A rigor, evitou-se responder ao desafio de encontrar um caminho original para
um governo com origem na esquerda - decerto nada fácil, mas era o que cumpria
fazer -, optando-se, mesmo que de modo inicialmente tímido e sem apresentar suas
razões, pela restauração de práticas e ideias de um mundo defunto. Para trás,
como um fardo embaraçoso de que se devia desvencilhar, a rica história de lutas
contra o autoritarismo do regime militar, orientada em favor do fortalecimento
da sociedade civil diante do Estado, pela descentralização administrativa, pela
emancipação da vida associativa dos trabalhadores e pela defesa do princípio da
pluralidade na representação sindical, estes últimos cavalos de batalha do
sindicalismo do ABC e dos primórdios do PT.
O legado da resistência democrática seria preservado na Constituinte e
consagrado na Carta de 1988, e encontraria seu sistema de defesa nos novos
institutos criados por ela, em boa parte dependente de provocação da sociedade
ao Poder Judiciário. Mas, apesar dessa relevante ressalva, a restauração de um
sistema de capitalismo politicamente orientado, com a pretensão de estar a
serviço de ideais de grandeza nacional, veio a minar as possibilidades de uma
comunicação fluida do Estado com a sociedade civil, vã a tentativa de
aproximá-los com a criação, em 2003, do Conselho de Desenvolvimento Econômico e
Social, hoje uma instituição de carimbo da vontade governamental.

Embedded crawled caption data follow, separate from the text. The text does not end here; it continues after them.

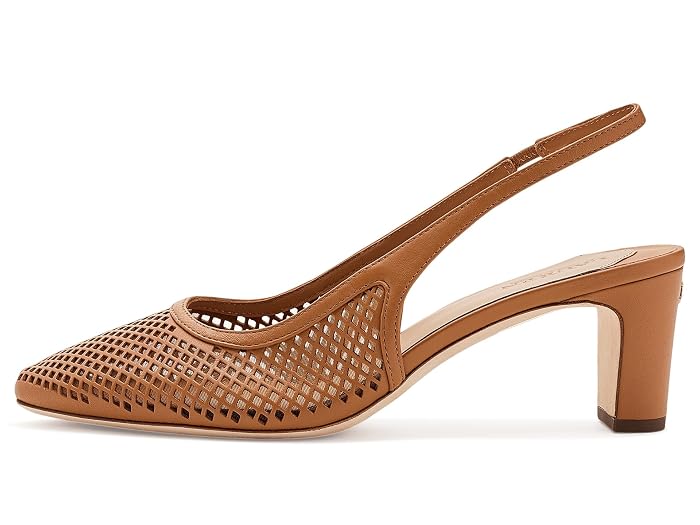 Lauren Ralph Lauren Klaire Perforated Leather Slingback Pumps - Image 4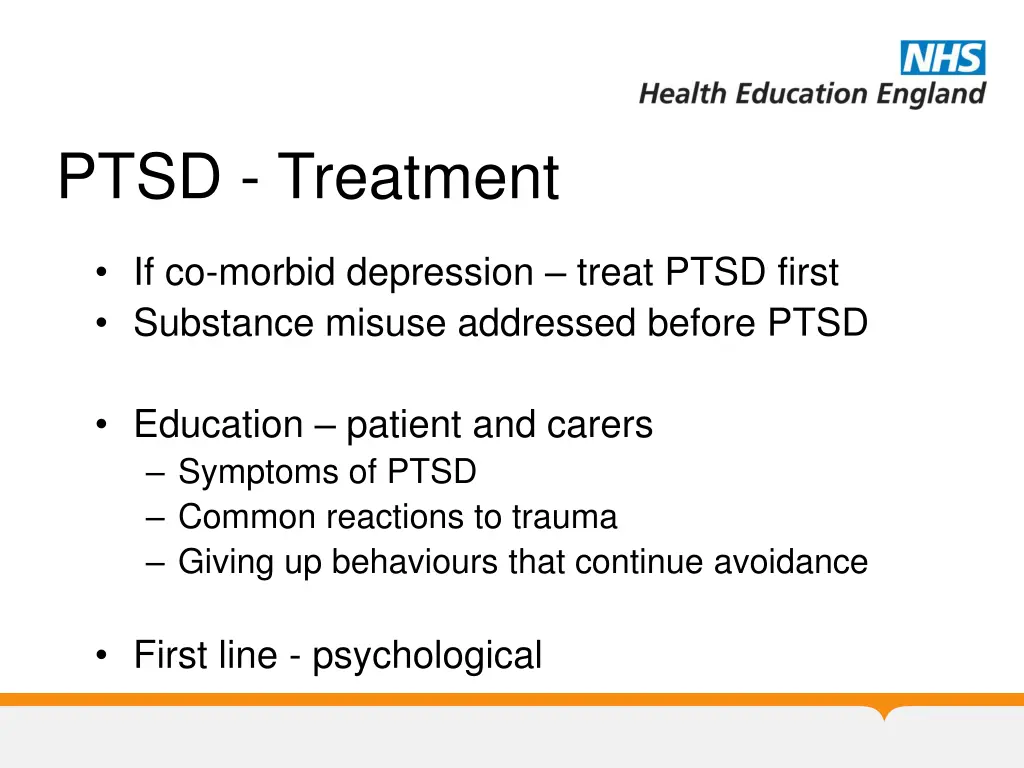 ptsd treatment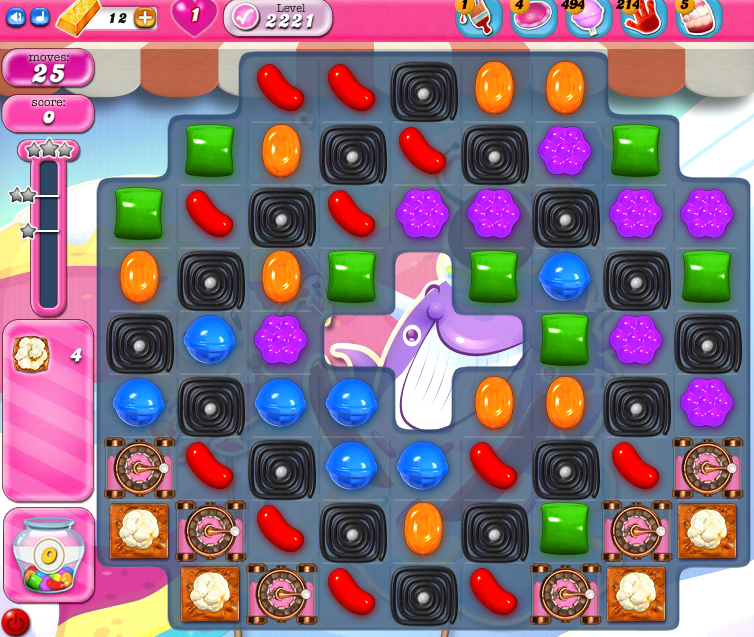 Candy Crush Saga level 2221 Candy Crush Saga level 2221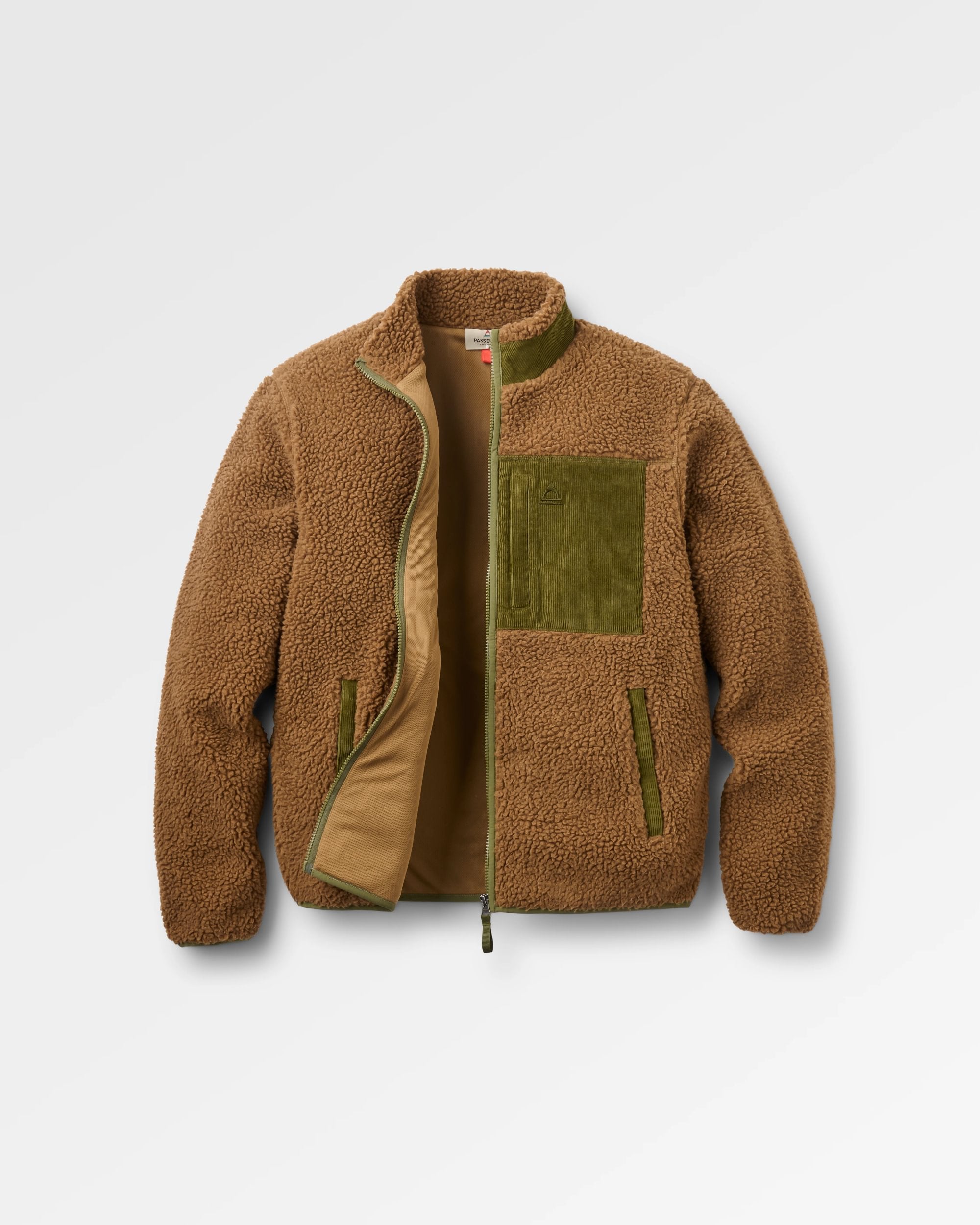 Trekker Deep-Pile Sherpa Fleece - Caramel - Flatlay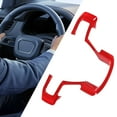 thumbnail image 6 of yotijar Steering Wheel Panel Cover Car Steering Wheel Frame Cover for F150 Red, 6 of 8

O abandono da agenda que, nas décadas de 1970 e 1980, animou a resistência
democrática não é inocente quanto ao atual estado de coisas que ameaça deixar o
Estado a girar no vazio, incapaz de manter, em que pese sua política social
inclusiva, uma interlocução positiva com os setores que emergiram dos próprios
êxitos da modernização do capitalismo brasileiro. Recuperar, de verdade, as
lições daquele tempo não é um exercício de memória, mas de História, disciplina
interpretativa por excelência, porque é dela que nos vêm os sinais de a qual
herança devemos renunciar para seguirmos em frente.